On Monday, however, staff decided not to treat the lake for a second time right away and chose instead to wait until before the regional waterski tournament at the end of the month, Adams said.
Staff were using leftover chemicals from another year for the treatment.
“We also believe that if present conditions persist — i.e., hot weather and no rain — that the lake will be turning green again, potentially soon,” Adams said.
In the past, the treatments have lasted for several weeks; however, based on the weather and other conditions, there is a risk they may last a much shorter period.
Whether the lake will be treated in future years remains a question for the Albert Lea City Council, who will ultimately decide whether to purchase more of the chemical.
The question of whether to treat Fountain Lake for excessive algae has been the center of much controversy in recent years. The issue comes up each year around Independence Day and questions whether focus should be placed on temporary appearance or on overall water quality improvements that may be longer-lasting.
Shell Rock River Watershed Administrator Brett Behnke said algae is a natural element in the lake, but with the lack of rainfall and temperatures in the 90s, the algae blooms have become prevalent.

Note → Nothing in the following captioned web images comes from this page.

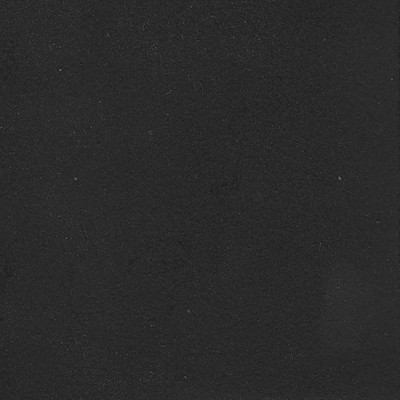 Sage Green Velvet and Black Metal Bedroom Bench with Storage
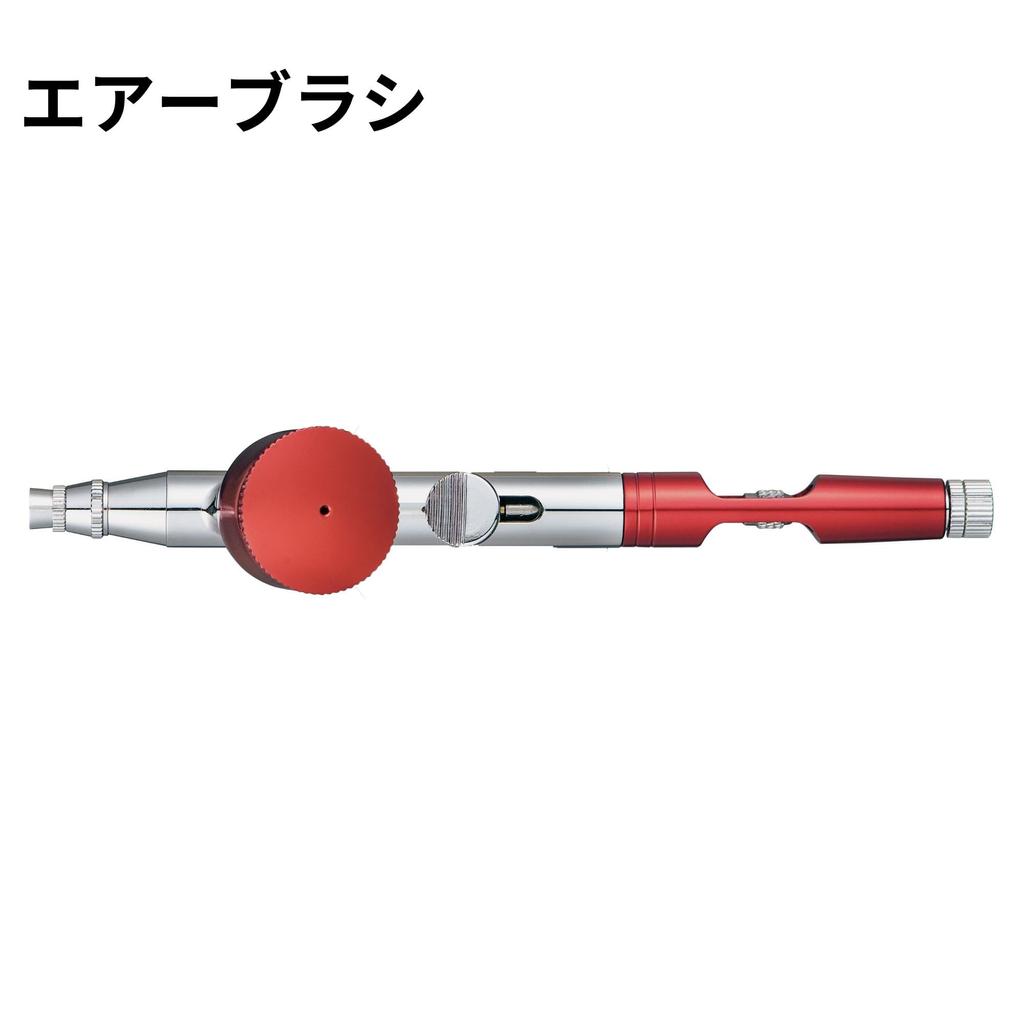 Takagi EARTH MAN аккумуляторная AC100V двойного назначения хобби аэрограф мини компрессор легкий компактный 10.8V HCP-108LiA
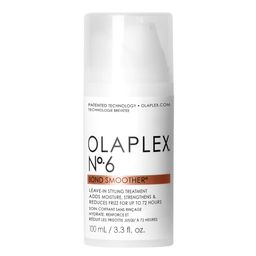Olaplex No.6 Bond Smoother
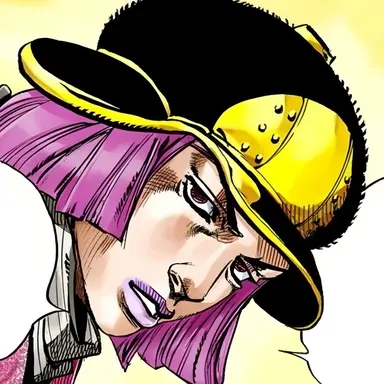 Profile image of 핫팬츠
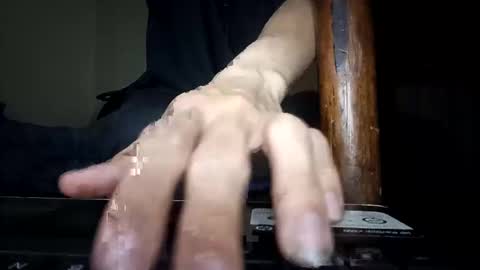 Snapshot of bwc_thebully chatting on 09.16.25 bwc_thebully online show from 09.16.25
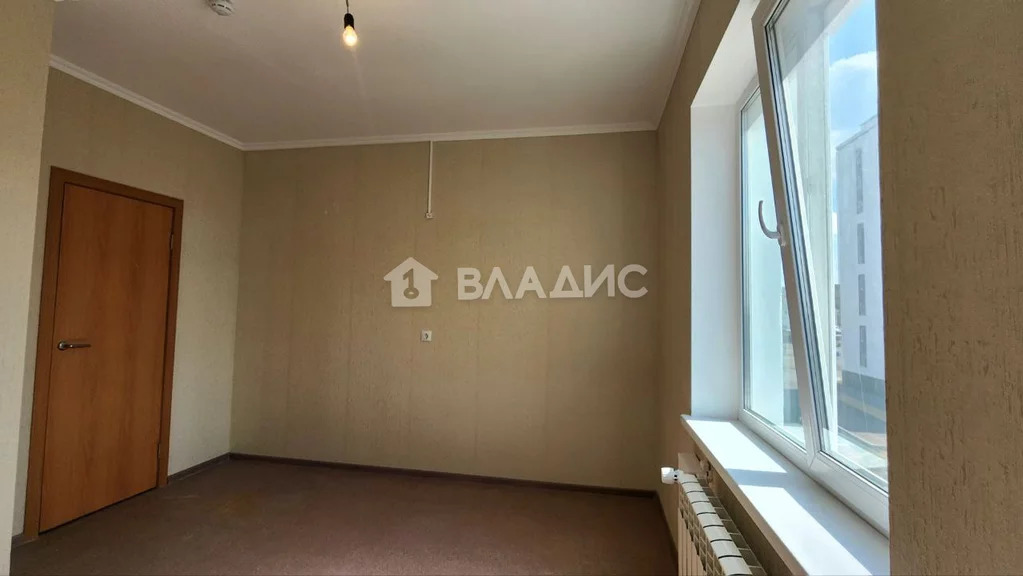 Продажа квартиры, Симферополь, Янтарная улица, 9 - Фото 5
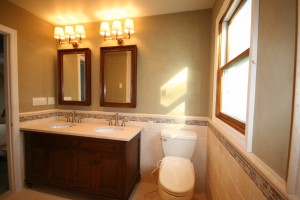 Vazac_Contracting_Smithtown_Bath_57 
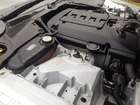 2006 Jaguar XK Coupé 4.2-Litre (X150)-For Sale
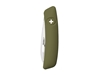 Picture of Swiza D02 Olive (KNI.0020.1050)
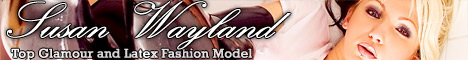 http://www.susanwayland.com/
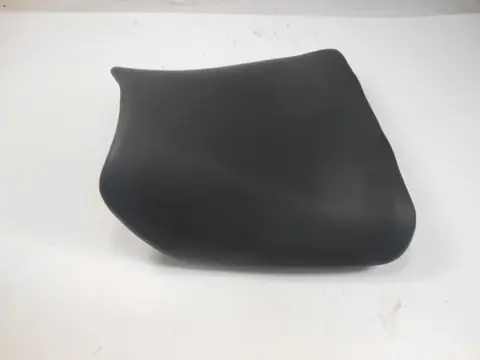 ZADEL Kawasaki ZX 7 R 1996 - 2002
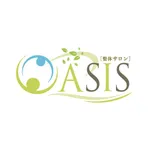 整体サロン OASIS 【公式アプリ】 icon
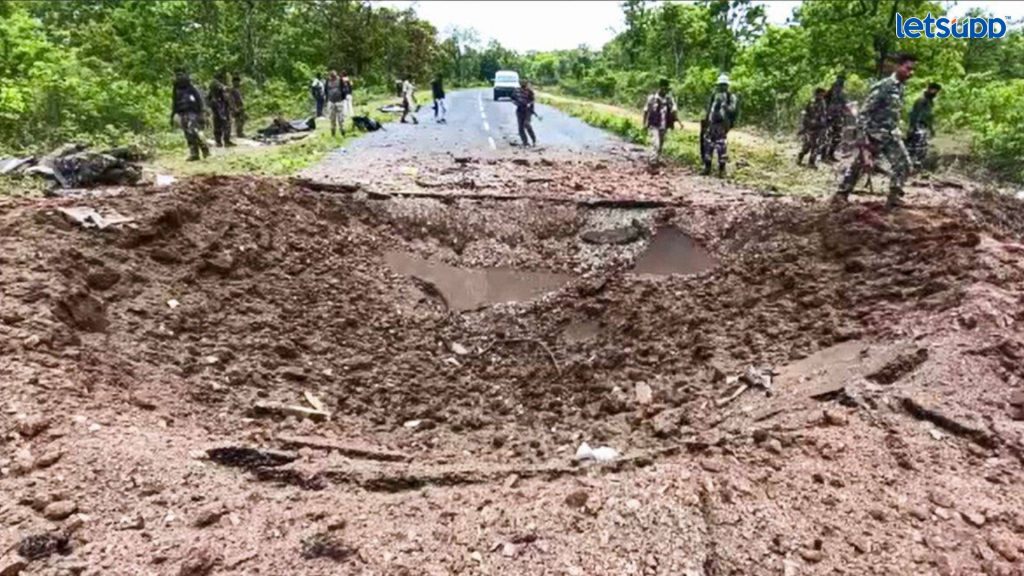 Important Update Regarding Shreyas Iyer Fitness Has Come Out 2023 04 27T163740.962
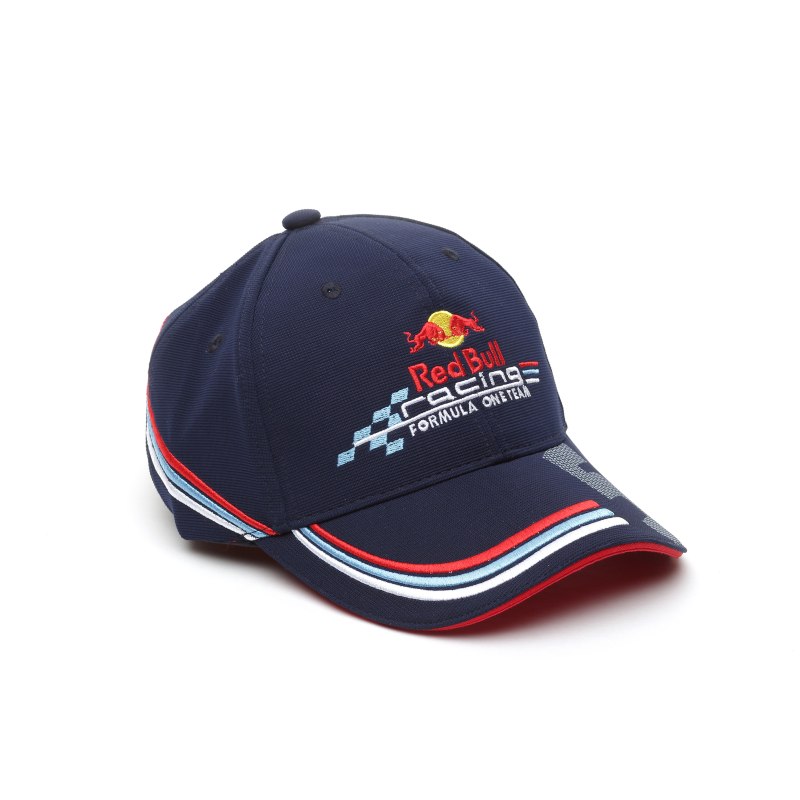 Кепка Red bull Racing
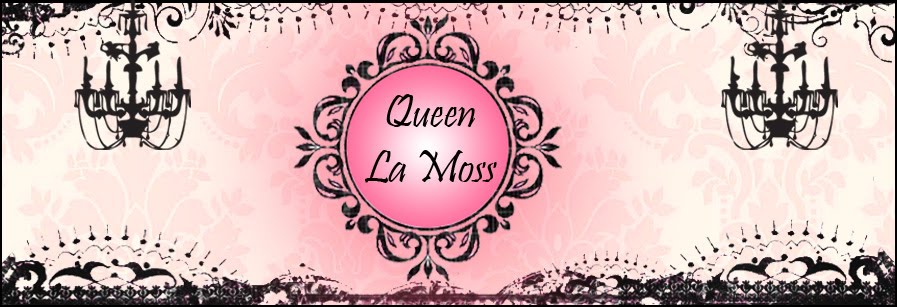 Queen La Moss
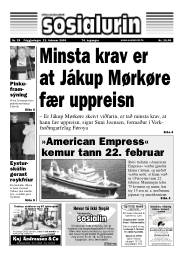 Síða 1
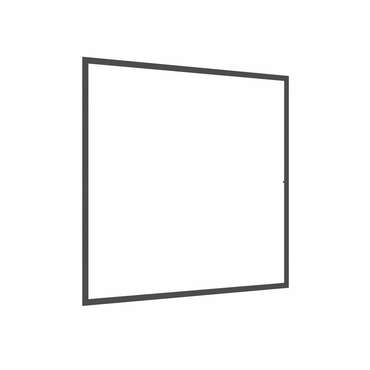Настенный светильник SqWall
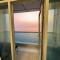 Sunset Beach View Holiday Homes - 阿吉曼 Sunset Beach View Holiday Homes - 阿吉曼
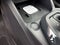 2026 Kia K4 Hatchback GT-Line Turbo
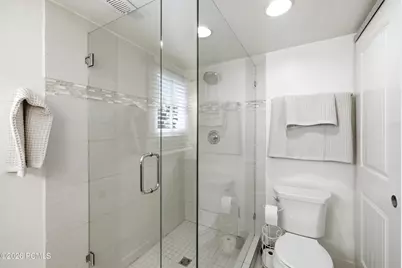 1057 Woodside Avenue, Park City, UT 84060 - Photo 20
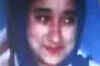 LeT female militant killed in J&K encounter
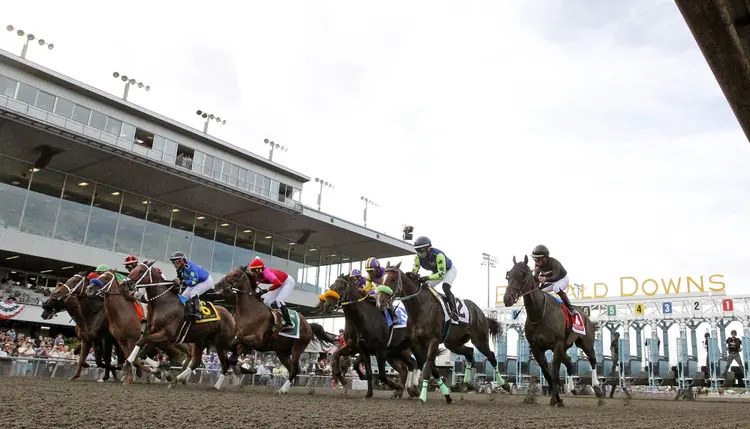 Emerald Downs scenics18RPEMD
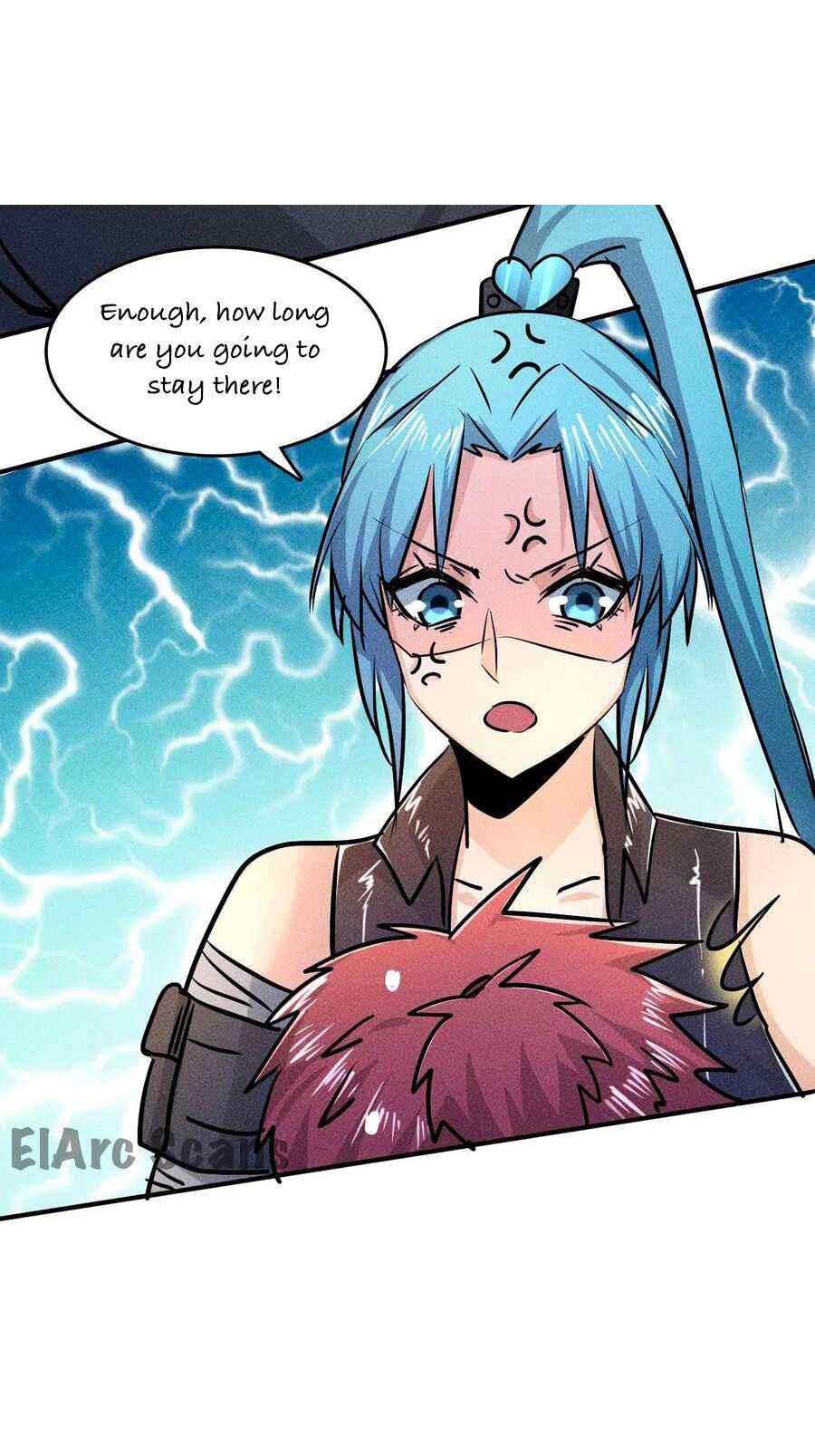Page 54 of Chapter 4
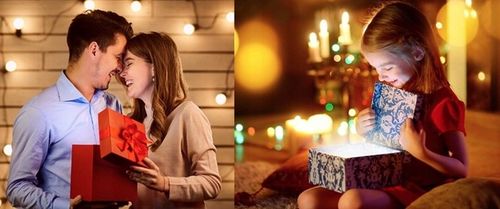 ZŁOTY KALENDARZ ADWENTOWY NA PREZENT DLA KOBIET MAMY SINSAY BIŻUTERIA na Arena.pl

Behnke said while he does not oppose treating the lake, he hopes to look into other more long-term plans. He noted he is looking into funding sources for dredging the lake, which will make a large difference.
The Watershed District and the city applied for state funds for the project this year, but did not receive funding.
Behnke said Dane Bay, which is only two to three feet deep, is high with sedimentation and an excess of nutrients that have come throughout the years through flooding, farming practices and geomorphology.
These conditions, coupled with high heat and a lack of rain, causes the algae to have increased growth.
“With the existing phosphorous and sediment in the lake, coupled with this year’s early warmth, extended heat and lack of rain, the lake turned green rather early,” Adams said.
Scott Hanna, coordinator with Albert Lea Community Education, said when he is leading a group in canoes on the lake, he encourages them to promote a healthy use of the environment.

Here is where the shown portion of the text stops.